2 A tractor of mass 3700 kg is travelling along a straight horizontal road at a constant speed of \(12 \mathrm {~m} \mathrm {~s} ^ { - 1 }\). The total resistance to motion is 1150 N .

1. Find the power output of the tractor's engine.
   The tractor comes to a hill inclined at \(4 ^ { \circ }\) above the horizontal. The power output is increased to 25 kW and the resistance to motion is unchanged.
2. Find the deceleration of the tractor at the instant it begins to climb the hill.
3. Find the constant speed that the tractor could maintain on the hill when working at this power.

1. A cyclist starts from rest and moves along a straight horizontal road. The combined mass of the cyclist and his cycle is 120 kg . The resistance to motion is modelled as a constant force of magnitude 32 N . The rate at which the cyclist works is 384 W . The cyclist accelerates until he reaches a constant speed of \(v \mathrm {~m} \mathrm {~s} ^ { - 1 }\).

Find

1. the value of \(v\),
2. the acceleration of the cyclist at the instant when the speed is \(9 \mathrm {~m} \mathrm {~s} ^ { - 1 }\).

3. A truck of mass of 300 kg moves along a straight horizontal road with a constant speed of \(10 \mathrm {~m} \mathrm {~s} ^ { - 1 }\). The resistance to motion of the truck has magnitude 120 N .

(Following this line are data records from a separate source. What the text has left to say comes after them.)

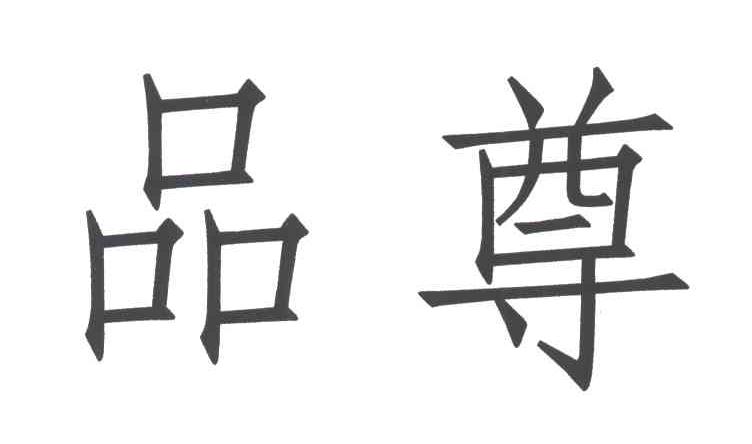 品尊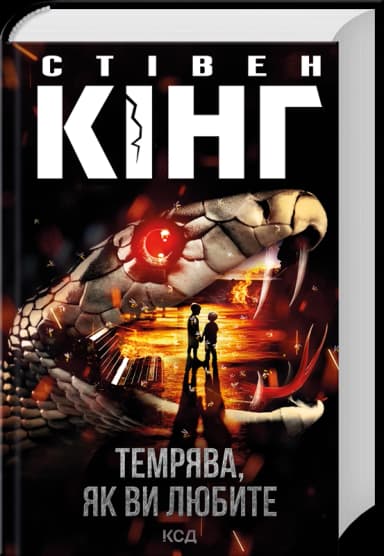 Темрява, як ви любите Темрява, як ви любите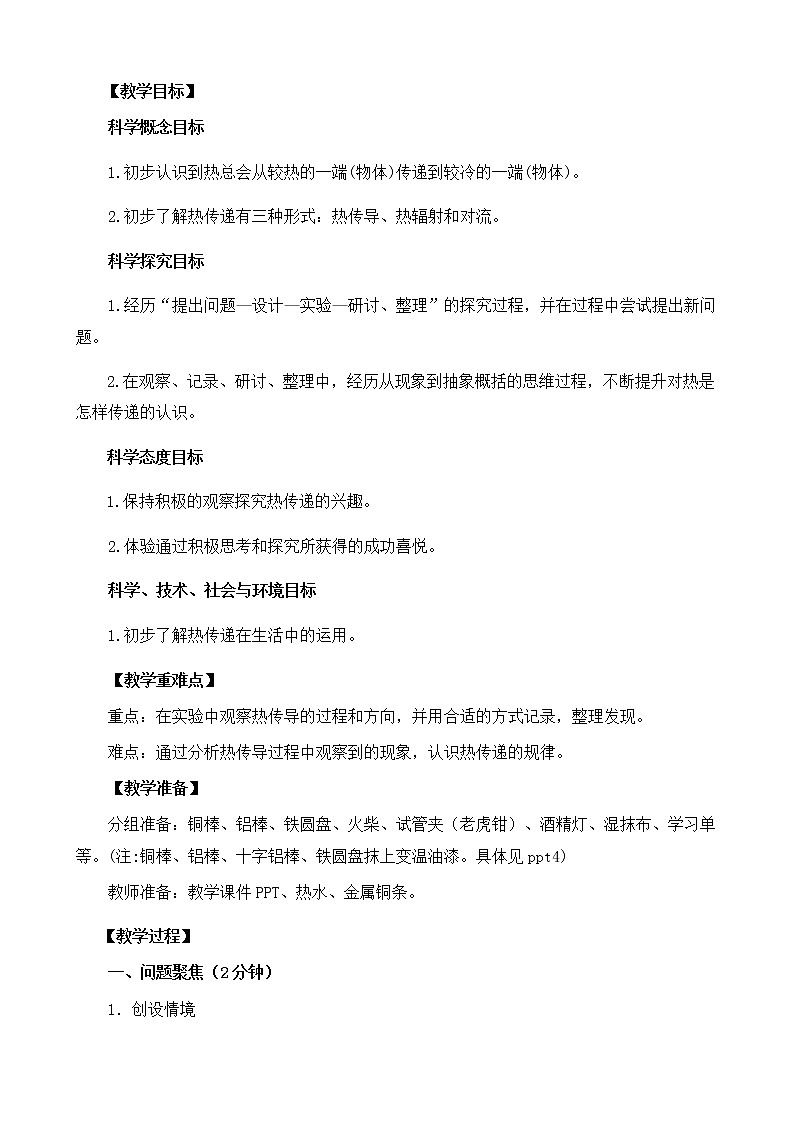 教科版小学科学五下2.6《热是怎样传递的》教学设计第2页
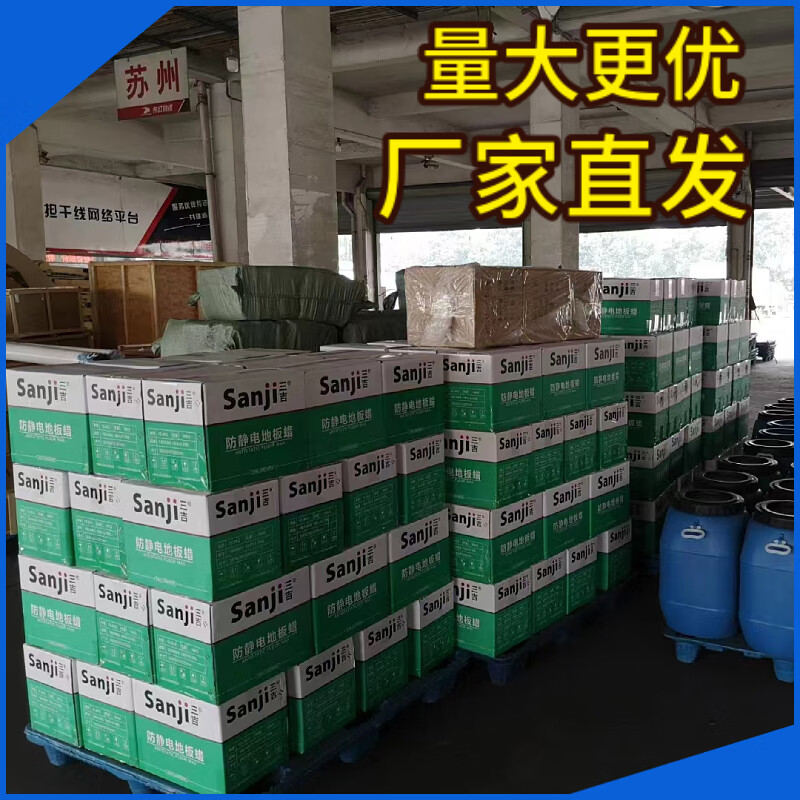 SJ-001 Sanji brand anti-static floor wax dust-free workshop pvc plastic floor maintenance brightening wax factory epoxy resin floor anti-static treatment conductive wax water milky white 4 gallons/box in stock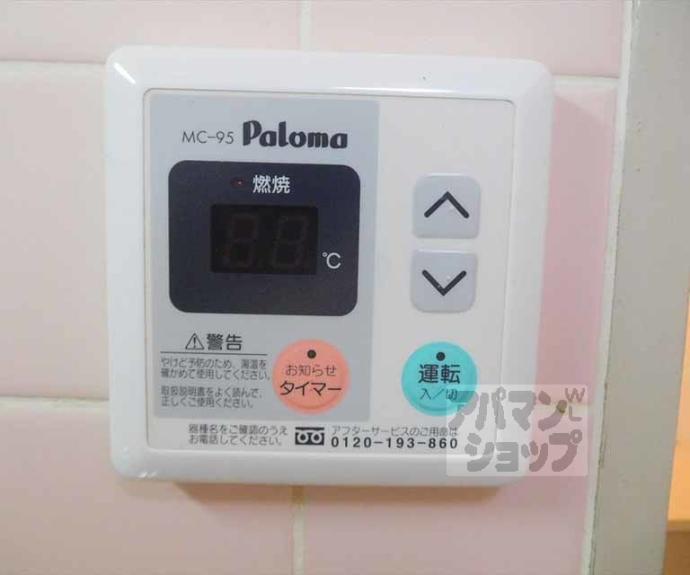 【メゾンジョアパートⅡ】間取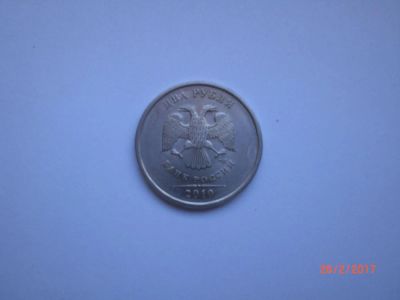 Лот: 11094673. Фото: 1. 2 рубля 2010 спмд. Россия после 1991 года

1. Find the rate at which the engine of the truck is working. On another occasion the truck moves at a constant speed up a hill inclined at \(\theta\) to the horizontal, where \(\sin \theta = \frac { 1 } { 14 }\). The resistance to motion of the truck from non-gravitational forces remains of magnitude 120 N . The rate at which the engine works is the same as in part (a).
2. Find the speed of the truck.

3 A car of mass 1500 kg has an engine with maximum power 60 kW . When the car is travelling at \(10 \mathrm {~ms} ^ { - 1 }\) along a straight horizontal road using maximum power, its acceleration is \(3.3 \mathrm {~ms} ^ { - 2 }\). In an initial model of the motion of the car it is assumed that the resistance to motion is constant.

1. Using this initial model, find the greatest possible steady speed of the car along the road. In a refined model the resistance to motion is assumed to be proportional to the speed of the car.
2. Using this refined model, find the greatest possible steady speed of the car along the road. The greatest possible steady speed of the car on the road is measured and found to be \(21.6 \mathrm {~ms} ^ { - 1 }\).
3. Explain what this value means about the models used in parts (a) and (b).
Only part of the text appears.